### WORK INSTRUCTIONS
Once you find the line below that has "Credit card accounts", output it and every line after it exactly, stopping after the line that has "All right, welcome", with no pictures.

Source records
***

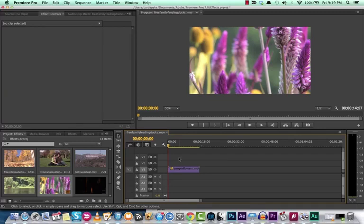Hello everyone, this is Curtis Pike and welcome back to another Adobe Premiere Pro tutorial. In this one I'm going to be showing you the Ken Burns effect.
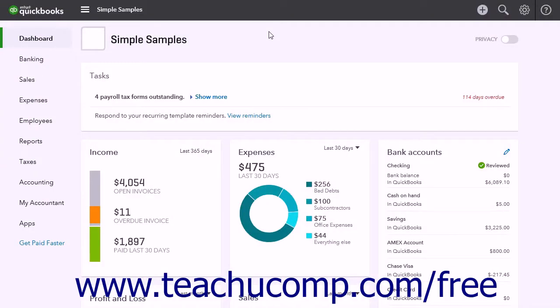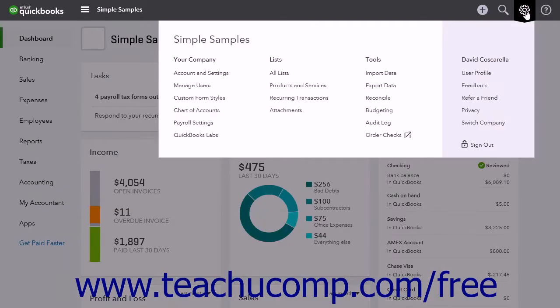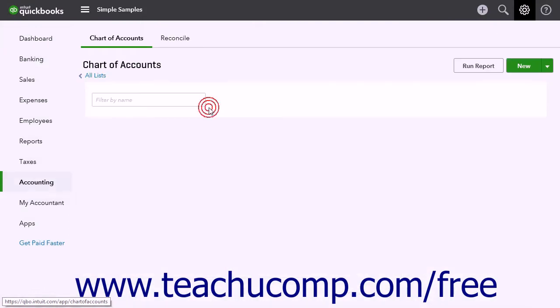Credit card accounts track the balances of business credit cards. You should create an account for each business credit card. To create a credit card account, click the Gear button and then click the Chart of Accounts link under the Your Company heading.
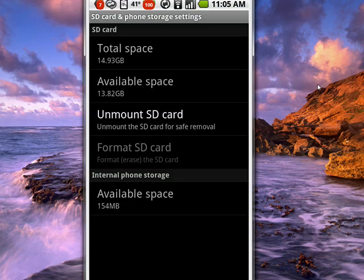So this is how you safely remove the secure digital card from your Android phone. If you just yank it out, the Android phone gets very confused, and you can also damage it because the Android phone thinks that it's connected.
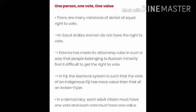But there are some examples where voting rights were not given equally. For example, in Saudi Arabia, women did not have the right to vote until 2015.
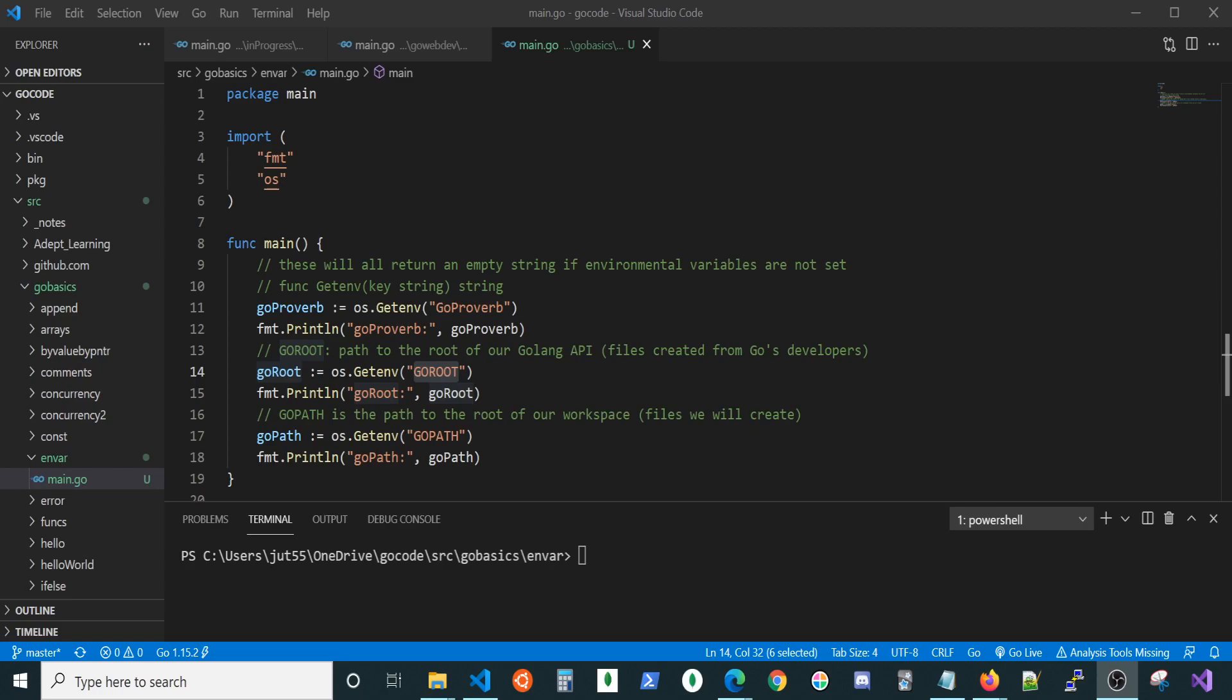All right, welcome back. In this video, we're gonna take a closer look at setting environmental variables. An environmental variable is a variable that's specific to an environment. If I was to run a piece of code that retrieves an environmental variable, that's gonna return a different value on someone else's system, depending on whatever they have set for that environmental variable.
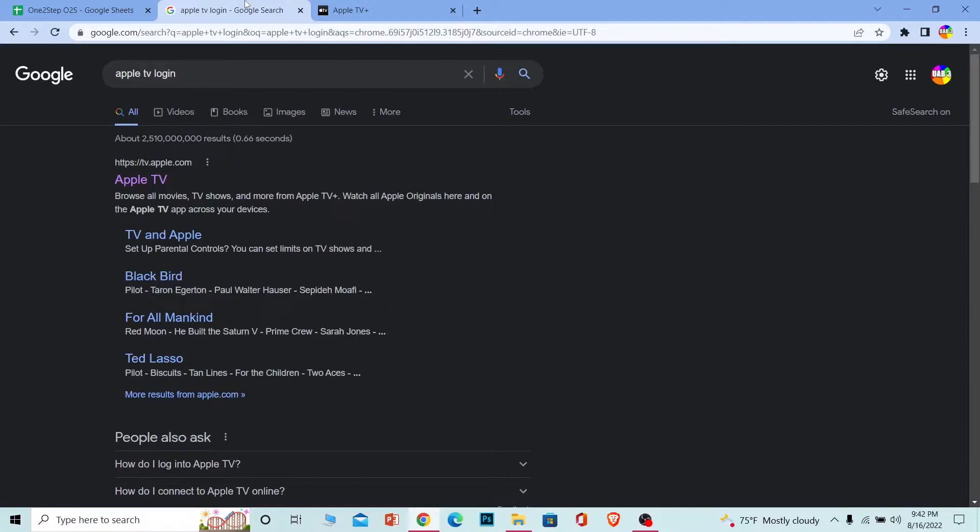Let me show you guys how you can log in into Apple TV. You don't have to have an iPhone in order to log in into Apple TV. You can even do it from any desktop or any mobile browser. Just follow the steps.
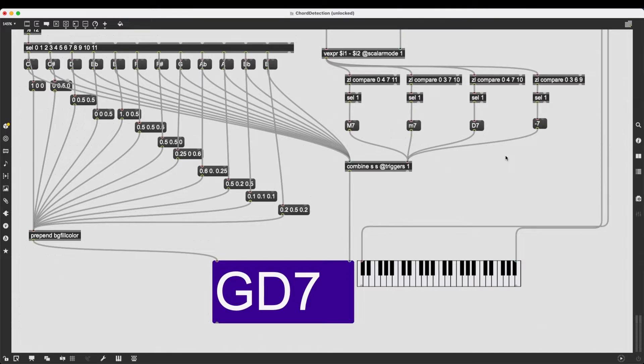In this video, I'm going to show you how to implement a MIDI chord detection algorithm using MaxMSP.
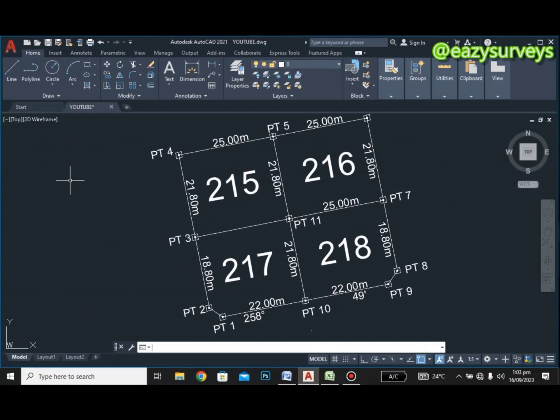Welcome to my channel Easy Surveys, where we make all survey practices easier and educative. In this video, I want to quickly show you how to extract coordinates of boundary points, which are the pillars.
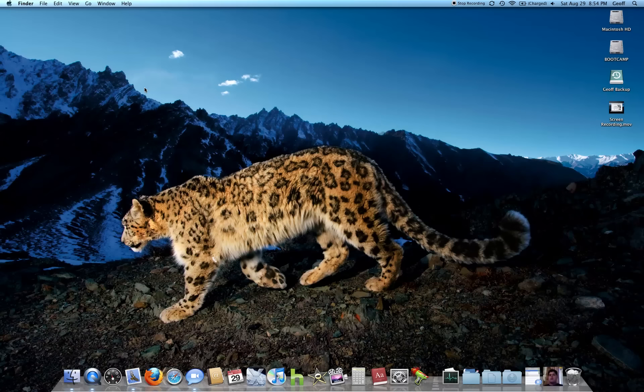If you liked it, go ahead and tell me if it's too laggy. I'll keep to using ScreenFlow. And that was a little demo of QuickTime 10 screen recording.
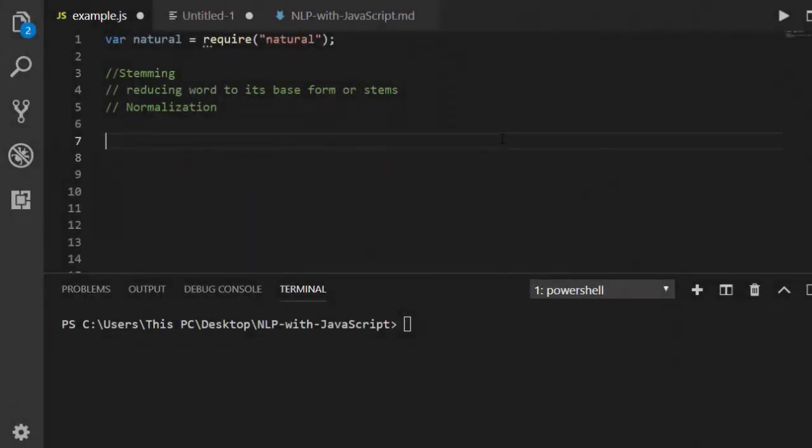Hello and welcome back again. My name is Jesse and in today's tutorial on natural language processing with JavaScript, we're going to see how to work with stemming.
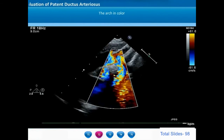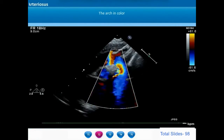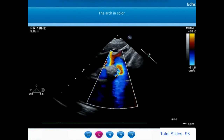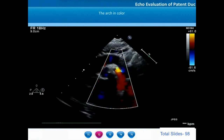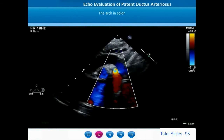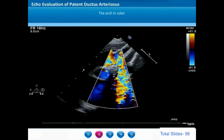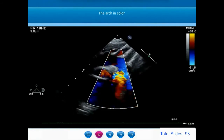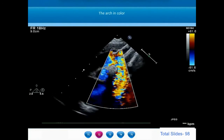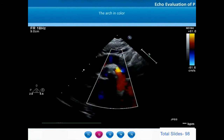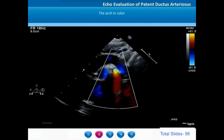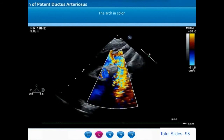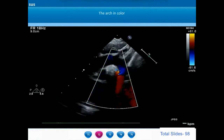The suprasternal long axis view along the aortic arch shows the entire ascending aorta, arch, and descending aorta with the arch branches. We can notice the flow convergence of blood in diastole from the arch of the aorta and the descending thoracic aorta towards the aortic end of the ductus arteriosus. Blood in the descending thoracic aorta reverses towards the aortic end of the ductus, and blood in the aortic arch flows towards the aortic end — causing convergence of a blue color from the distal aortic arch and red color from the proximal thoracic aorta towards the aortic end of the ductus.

***

### RESULT FOR THIS TASK
Credit card accounts track the balances of business credit cards. You should create an account for each business credit card. To create a credit card account, click the Gear button and then click the Chart of Accounts link under the Your Company heading.
So this is how you safely remove the secure digital card from your Android phone. If you just yank it out, the Android phone gets very confused, and you can also damage it because the Android phone thinks that it's connected.
But there are some examples where voting rights were not given equally. For example, in Saudi Arabia, women did not have the right to vote until 2015.
All right, welcome back. In this video, we're gonna take a closer look at setting environmental variables. An environmental variable is a variable that's specific to an environment. If I was to run a piece of code that retrieves an environmental variable, that's gonna return a different value on someone else's system, depending on whatever they have set for that environmental variable.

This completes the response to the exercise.